Accio bill: our receipt from Dumbo Cafe.

Accio bill: our receipt from Dumbo Cafe.

Then, back at drama school, he hadn’t learned a monologue, hadn’t written an essay, and “I just had a kind of meltdown and threw a chair at my teachers, I think I said something like ‘well you’ve got what you wanted, you broke me’ and I walked out.”

He came to his senses a little and found a mentor at the school, a new movement tutor who had trained at the strict Lecoq school in France. “He was given the task of trying to turn me around.”

That tutor made him run to school every morning – which knocked his pot smoking habit on the head. He opened his eyes to the world of theatre from Europe and the Pacific. And he, and others “helped me realise I was part of something, a tradition and a culture, and there was a place for me”.

“I got my shit together. Reconnected with my little boy. By the time I came out of my third year at drama school, I was very driven, ambitious, and focused,” he says.
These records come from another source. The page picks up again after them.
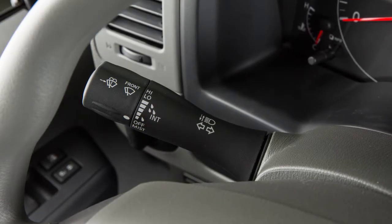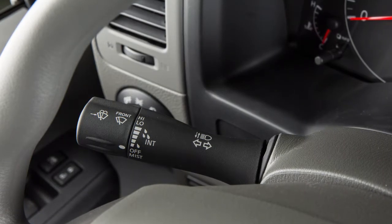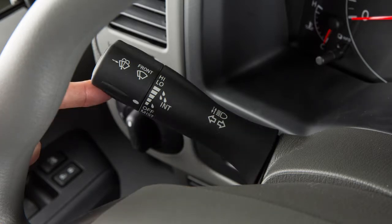To signal turns, move the turn signal lever upward for a right turn or down for a left turn. When you've completed the turn, the signal cancels automatically. To signal a lane change, move the lever up or down to the point where the indicator light begins to flash, but the lever does not latch.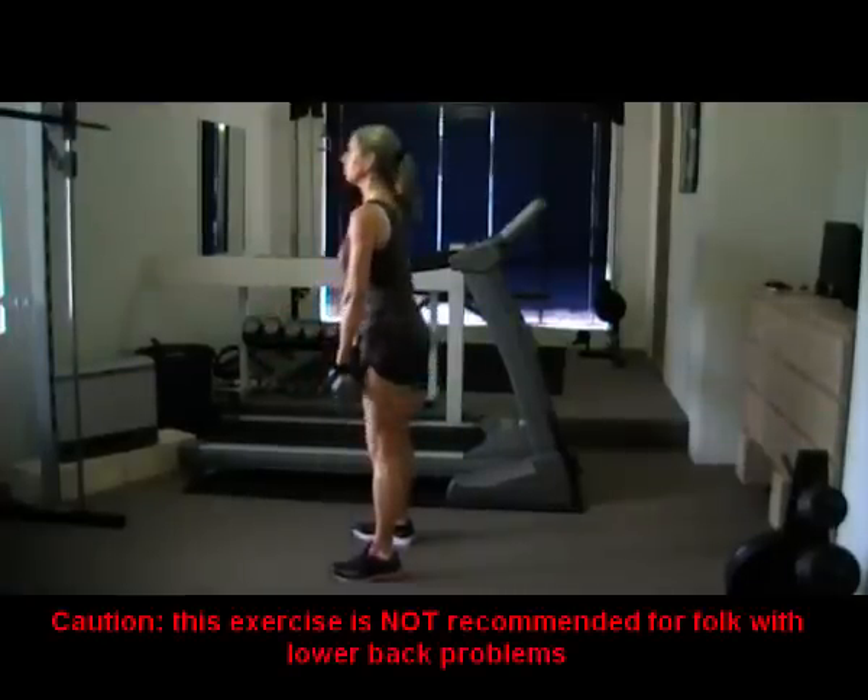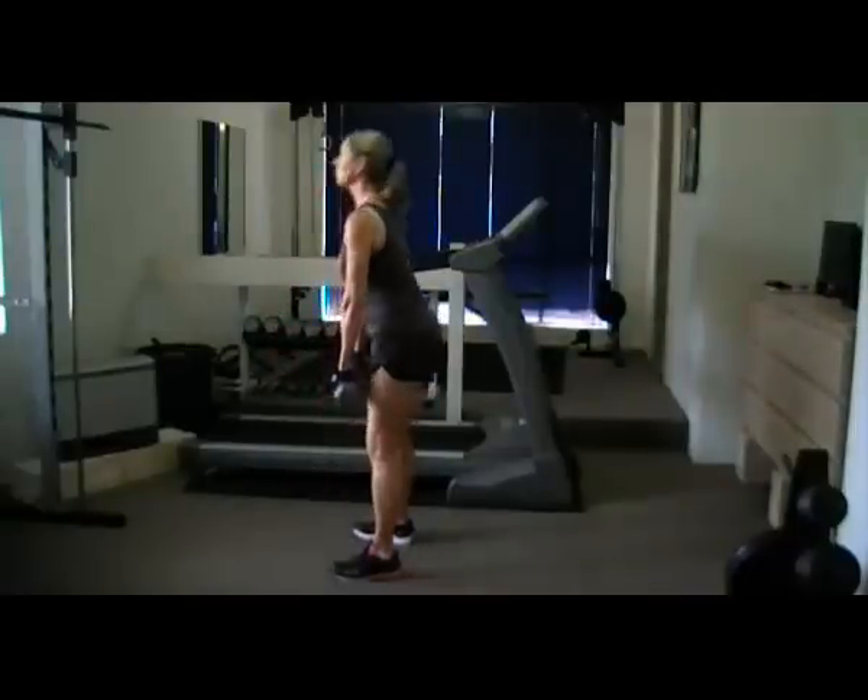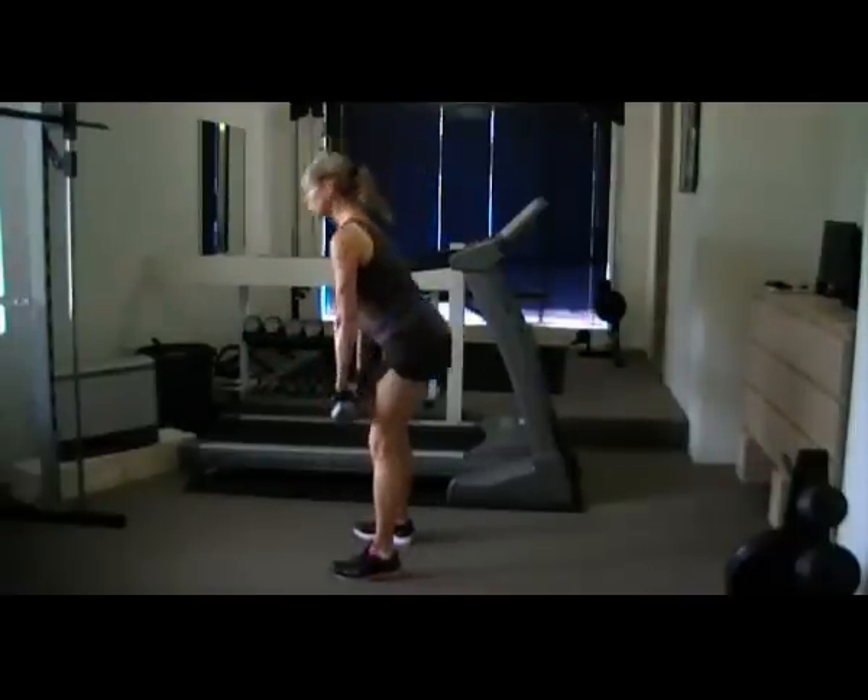Keep your dumbbells at arm's length. Now squeeze your butt and hamstrings, raising your body back up to starting position so your dumbbells are in front of your thighs.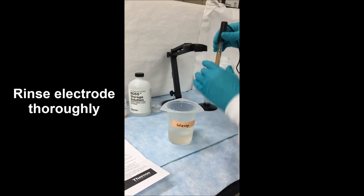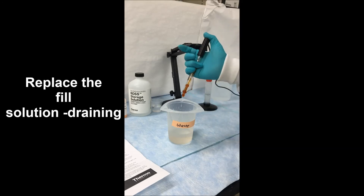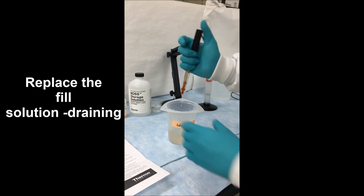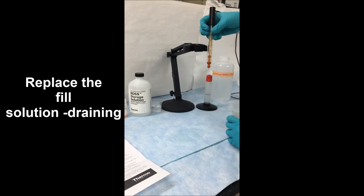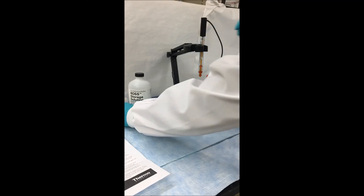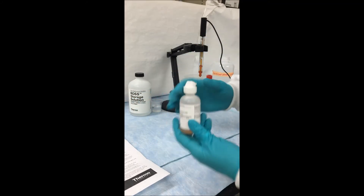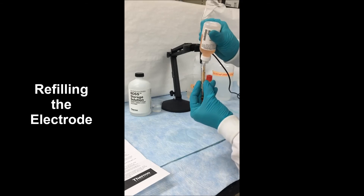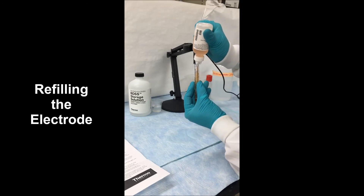Then, since this is a refillable electrode, we're going to change the fill solution, starting by draining the electrode and then refilling it. You always want to make sure that you clean your electrode full so that none of the cleaning solution can move inside of your electrode. Using the appropriate fill solution, fill that electrode all the way up to the top.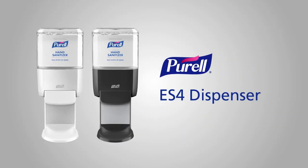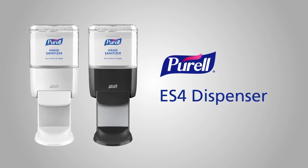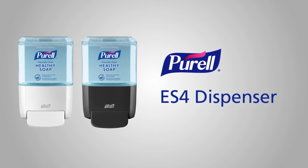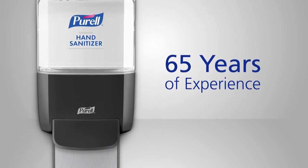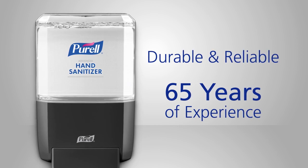The Purell Solution includes the new ES4 dispenser, a reliable push-style dispenser that's available for Purell hand sanitizer and new Purell brand healthy soap. Built on over 65 years of dispenser engineering experience, the ES4 dispenser is durable and reliable with looks that harmonize with any style.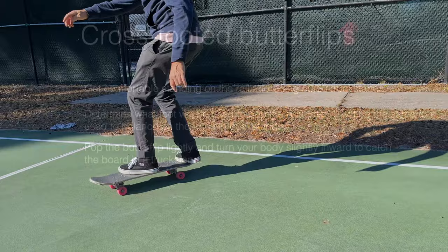Here are the key points broken down: get comfortable standing on the rail and doing 50-50 truck stands. Determine what foot will be used to pop the butterflip — it will be the same foot used to balance on the truck in truck stands. Pop the butterflip lightly and turn your body slightly inward to catch the board in a truck stand.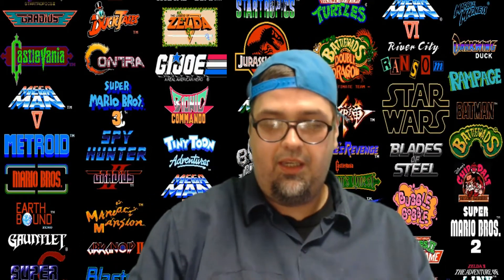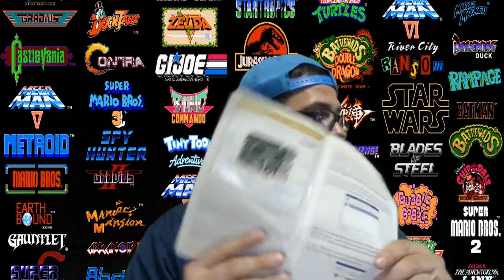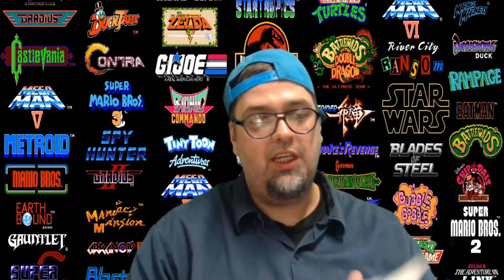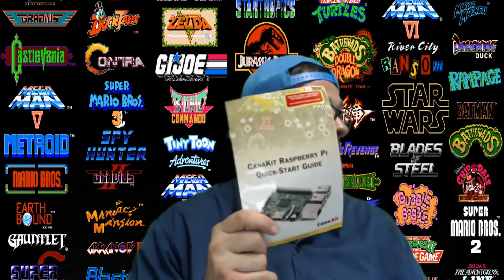Also in this kit you will be getting a quick start guide, which just has some stuff to go over with updates and their warranty. There are some images in there explaining the Pi 3. They go over how to shut down, how to add Raspbian Jessie, open Kodi Media Center, and whatnot. There's some good information in here if you're just starting out.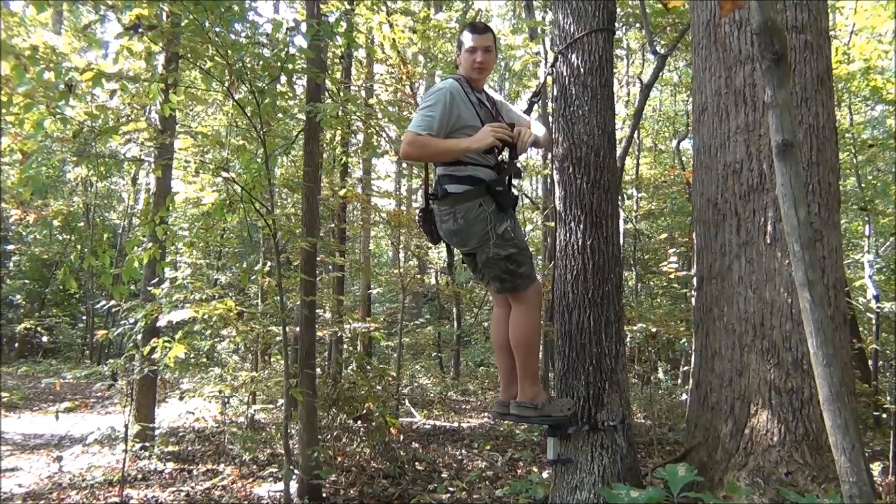Hey guys, this is Carter here with Carter's Outdoor Adventures. Today we're going to review the cheapest saddle platform on the market. Stay tuned.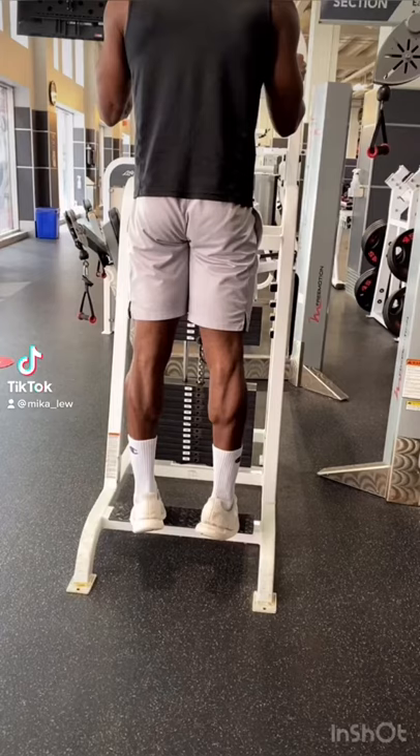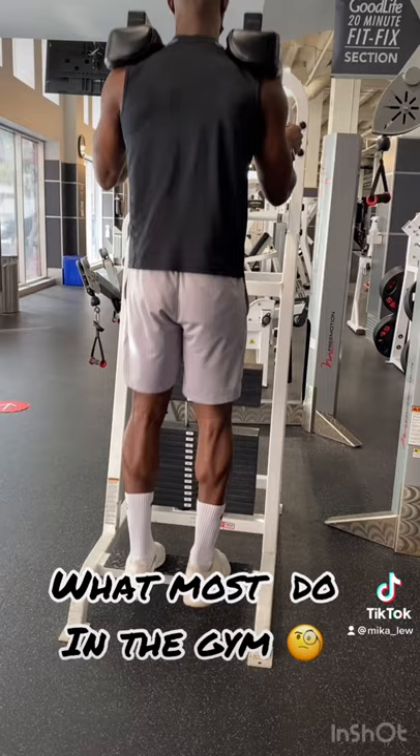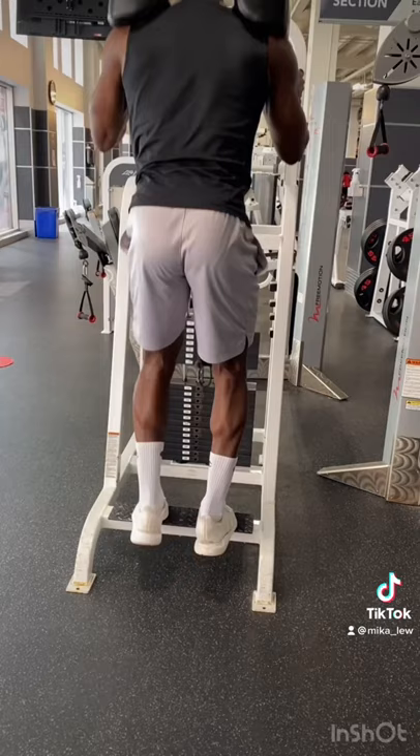People like to associate their calves as a stubborn muscle group to grow. It's not that you have bad calf genetics — most likely it's because your setup and execution of any form of calf raises are just poor. So here's how to get the most out of your calf raises.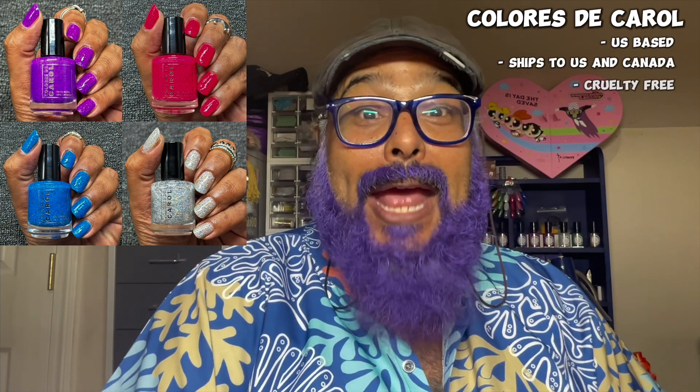There's also going to be a limited edition release of Bling, which will be celebrating Carolina's 30th anniversary. Now, if you are not familiar with Colores de Carol, they are a U.S.-based brand. They ship to the U.S. and Canada. They are cruelty-free and five-free.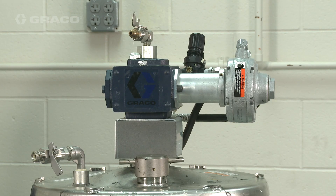Before converting a pressure pot with a gear-reduced agitator, remove the air supply and perform a pressure relief procedure outlined in the manual specific to the model of the pressure pot.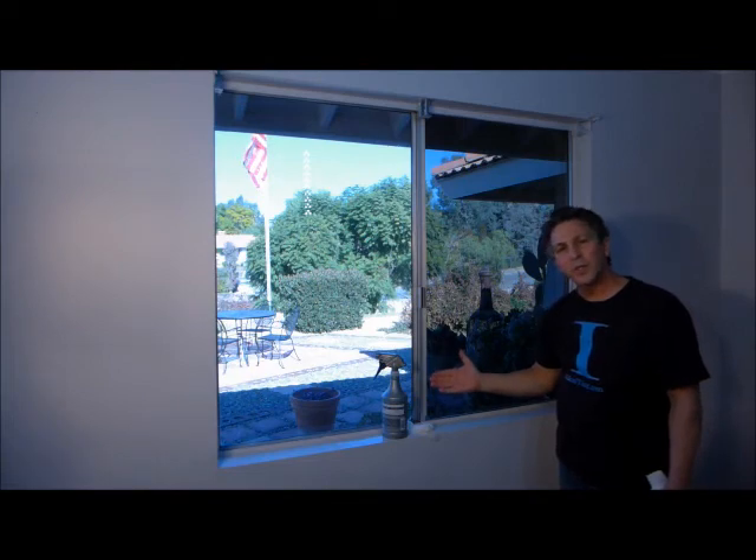Your installation is complete. Don't wash the windows for at least 30 days. Depending on the weather and other factors, it could take 30 days or more for the adhesive to cure. As the film dries, it may look hazy and you may see pockets of water and specks under the film — this is normal and typical with window film.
It’s another anecdote that makes you wonder about the link between role and actor: an inspired piece of casting. Harry Potter had trouble at school, was a brilliant but sulky adolescent. And a lot of the Potter characters ended up having kids very young.

Reeves loves the diversity in age, gender, cultural background and sexuality of the Cursed Child cast – and he’s full of admiration for the bravery and awareness of the younger generations. Apart from anything else, it’s a good comeback to questions about the legacy of JK Rowling, whose public statements on trans issues cause seemingly endless controversy.

“Her views don’t reflect our production,” he says. “She can go on saying what she says, but we are who we are, and we’re doing what we’re doing, and we’re pretty proud of it.”

Soon, it’s time to grab the bill and for Reeves to head off, to pick up his boy from school and then head to the theatre for another bruising, wonderful evening of being a dad not entirely unlike himself.